Основная смысловая нагрузка поэмы «Мой дом — моя чужбина» заключена в названии. Название, по-видимому, можно читать с разными акцентами. Один вариант: человек оказался в ситуации, когда чужбина стала ему домом. О другом возможном прочтении говорится в поэме: «Пойми в конце концов, дубина, // Твой дом везде, но он везде — чужбина». Но более правильным с точки зрения адекватного истолкования текста является такое понимание. Дом и чужбина при всей их связанности чётко разводятся и герой не путает свой родной российский дом с западной чужбиной. Но трагизм его положения заключается в том, что его дом является чужбиной. Не в том только смысле, что он оказался не дома и ему хочется вернуться: мол, дома всегда лучше. Сам дом является чужбиной — вот в чем главная суть дела. У героя сильно желание вернуться в родной дом из немилой чужбины, но еще сильнее страх перед такой перспективой, ибо он знает, что дом его — такая чужбина, которая хуже всякой чужбины. Так он с грустью думает о наших солдатах, унавозивших собой европейскую землю и словно слышит их голоса. «Здесь в теплой земле наши кости истлели. // И все же нам русские снятся метели». Для него ужасна перспектива разделить их судьбу. А перспектива не разделить её еще хуже: «Предложили бы мне возвратиться домой, // Что наделал, тебе все простится. // От одной только мысли кошмарной такой // Я готов лучше тут удавиться». Позицию автора и героя поэмы еще лучше передает следующее четверостишие:
«На свете нет, поверь мне, сброда
Подлее нашего народа.
Но на других его, паскуду,
Не променяю, жив покуда».
Описываемая Зиновьевым ситуация амбивалентно противоречива. Охарактеризовав эту ситуацию таким образом, мы не столько объясняем её, сколько фиксируем как необъяснимую. Не случайно в поэме появляются сами по себе чуждые творчеству Зиновьева психологические мотивы, то, что именуется копанием в душе. Говорится о ностальгии, об отцами обжитой земле. В повести «Живи» мы читаем, что на Западе плюют в урны, а у нас — в души. Считается, что плевать в души — лучше, ибо хотя бы таким образом, через плевки души оказываются связанными. О чем-то таком говорится и в поэме. На чужбине, например, нет пьяных компаний: «Мне нужен (как воздух, как хлеб) выпивоха. // Здесь без него ужасающе плохо». Выходящая за рамки разумного понимания противоречивость переживаний героя состоит в том, что он не просто видит недостатки своего дома и тянется к нему, несмотря на них, следуя в этом традиции русских революционеров любить Родину с открытыми глазами. Нет он видит недостатки Родины и любит её благодаря им. Это — скорее лермонтовская ситуация («Люблю Отчизну я, но странною любовью»).
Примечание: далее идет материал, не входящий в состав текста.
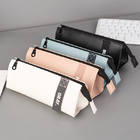 CustomizationLarge Capacity Triangular Pencil CaseCorporate Gifts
Необъяснимая странность душевного состояния героя, по-видимому, объясняет стихотворную форму произведения. Стих с его музыкальностью, дополнительным эмоциональным эффектом, сопровождающим прямой смысл слов и предложений, более, чем прозаический текст, подходит для того, чтобы выразить, и не столько даже выразить, а зафиксировать невыразимую иррациональность человеческой жизни. Если это верно, то становится понятным, почему «Зияющие высоты» и другие прозаические произведения Зиновьева насыщены стихами. Они являются составным элементом его комплексной методологии, позволяющей схватить действительность всестороннее и объемно.
Поэма, в которой герой из дома уезжает на чужбину, хотя и боится оказаться там, а с чужбины тянется домой, хотя и страшится этого, дает почти наглядное представление об отношении индивида и общества как его понимает Зиновьев. Индивида можно уподобить зернышку, а общество — тяжелым, с безжалостной методичностью работающим жерновам. Зернышко оказалось между жерновами и обреченное на то, чтобы быть размолотым, мечтает каким-нибудь образом выскочить оттуда.
В миропонимании Зиновьева нет ничего более далекого друг от друга, чем мораль и социальность. И нет ничего более связанного друг с другом. Они напоминают двух сцепившихся борцов, которые держатся еще на ногах только благодаря своим усилиям повалить друг друга. Мораль существует как отрицание социальности. Она не имеет иной предметности, кроме этого отрицания. Социальность релятивирует мораль, чтобы можно было легко переходить от добра ко злу и обратно, используя эти оценки в целях экзистенционального эгоизма. Без этого она вообще едва ли могла бы считаться формой и результатом человеческой деятельности.